Shoppers Use Generic Terms To Find Buyable Items

Paid search on a brand name is an important advertising mechanism for marketers looking to drive traffic to their Web site (and, in turn, encourage purchases in a store), no doubt. But they may not want to ignore the organic links and third-party sites that pop up with generic terms.
According to new research from GroupM Search, 86% of buyers who make their purchases in-store use a generic term to find what they’re looking for before they head out to the store to buy it. The recently concluded research also shows that when consumers click on a link after a search, 90% of the time they’re using the organic search listings.
“People know the categories they’re interested in, and in very specific instances [the remaining 14%], they know the brand,” Chris Copeland, CEO of GroupM Search, tells Marketing Daily. “But for the most part, they’re trusting Google and Bing to find what they’re looking for.”
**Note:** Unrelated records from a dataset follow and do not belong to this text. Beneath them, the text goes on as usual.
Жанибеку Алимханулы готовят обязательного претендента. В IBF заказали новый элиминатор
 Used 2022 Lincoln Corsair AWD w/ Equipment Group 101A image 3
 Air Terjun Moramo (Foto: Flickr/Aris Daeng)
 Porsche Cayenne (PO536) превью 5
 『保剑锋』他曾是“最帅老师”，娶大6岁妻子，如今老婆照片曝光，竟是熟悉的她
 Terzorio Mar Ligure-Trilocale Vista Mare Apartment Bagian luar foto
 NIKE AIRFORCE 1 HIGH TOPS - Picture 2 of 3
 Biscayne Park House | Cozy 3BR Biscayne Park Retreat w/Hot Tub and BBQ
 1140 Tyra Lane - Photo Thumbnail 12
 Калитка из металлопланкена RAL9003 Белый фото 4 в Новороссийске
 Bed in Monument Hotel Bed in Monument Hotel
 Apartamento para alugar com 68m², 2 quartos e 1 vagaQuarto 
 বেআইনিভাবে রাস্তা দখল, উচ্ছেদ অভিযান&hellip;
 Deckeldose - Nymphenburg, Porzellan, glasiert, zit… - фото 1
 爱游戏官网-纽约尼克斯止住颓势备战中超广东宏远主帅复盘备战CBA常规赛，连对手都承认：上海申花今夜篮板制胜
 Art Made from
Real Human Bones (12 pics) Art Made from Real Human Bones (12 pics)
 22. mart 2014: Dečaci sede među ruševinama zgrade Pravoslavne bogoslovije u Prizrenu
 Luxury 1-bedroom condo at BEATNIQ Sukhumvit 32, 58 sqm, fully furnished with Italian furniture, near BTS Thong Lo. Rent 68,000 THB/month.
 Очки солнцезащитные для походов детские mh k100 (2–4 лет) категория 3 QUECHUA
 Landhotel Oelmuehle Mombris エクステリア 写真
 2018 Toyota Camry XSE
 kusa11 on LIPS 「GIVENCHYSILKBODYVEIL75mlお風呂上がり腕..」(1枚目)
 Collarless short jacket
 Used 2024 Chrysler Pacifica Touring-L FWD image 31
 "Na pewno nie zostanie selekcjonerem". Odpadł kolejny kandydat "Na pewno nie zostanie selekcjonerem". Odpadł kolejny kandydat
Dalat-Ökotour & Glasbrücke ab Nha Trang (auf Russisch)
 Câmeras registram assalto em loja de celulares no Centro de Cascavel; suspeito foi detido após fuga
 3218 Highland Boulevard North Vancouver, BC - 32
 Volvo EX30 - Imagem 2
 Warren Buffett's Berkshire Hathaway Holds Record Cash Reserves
And they’re relying on Internet searches more and more. According to the research, 93% of all buyers, whether purchasing online or in-store, use search, and 80% of them rate it as very or extremely useful. But with such a preponderance of searchers using organic links, many brands and retailers may want to rethink their strategies, Copeland says.
“I don’t think advertisers or retailers have bet big enough on organic search. I think they have to bet bigger,” he says. “You’ve got to find ways of providing larger blocks of content that the engines can grab onto.”
Much of that content may not even be on a brand’s home site. For the most part, when consumers do click-through after a search, they’re not going to a brand site, but rather to a third-party site that may contain reviews or other information, Copeland says. Moving forward, brands and retailers may want to find ways to more closely connect with those sites in more relevant ways.
“Brands have to do a better job of linking with the purchase [made] in store, the way digital retailers do today,” Copeland says. They also need to get more inside the head of the consumer to better enable what he or she is looking for; more than 5% of the traffic that is measured to an advertiser’s site is looking for a store locator, according to the research.